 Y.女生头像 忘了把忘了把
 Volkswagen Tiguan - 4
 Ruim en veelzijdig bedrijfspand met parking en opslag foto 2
──────────
§ **WHAT IS BEING ASKED**
Each line from the one holding "Volkswagen Tiguan - 4" to the end of the data above goes into the answer exactly as written, and no other line does.

§ **REPLY TO THE EXERCISE**
 Volkswagen Tiguan - 4
 Ruim en veelzijdig bedrijfspand met parking en opslag foto 2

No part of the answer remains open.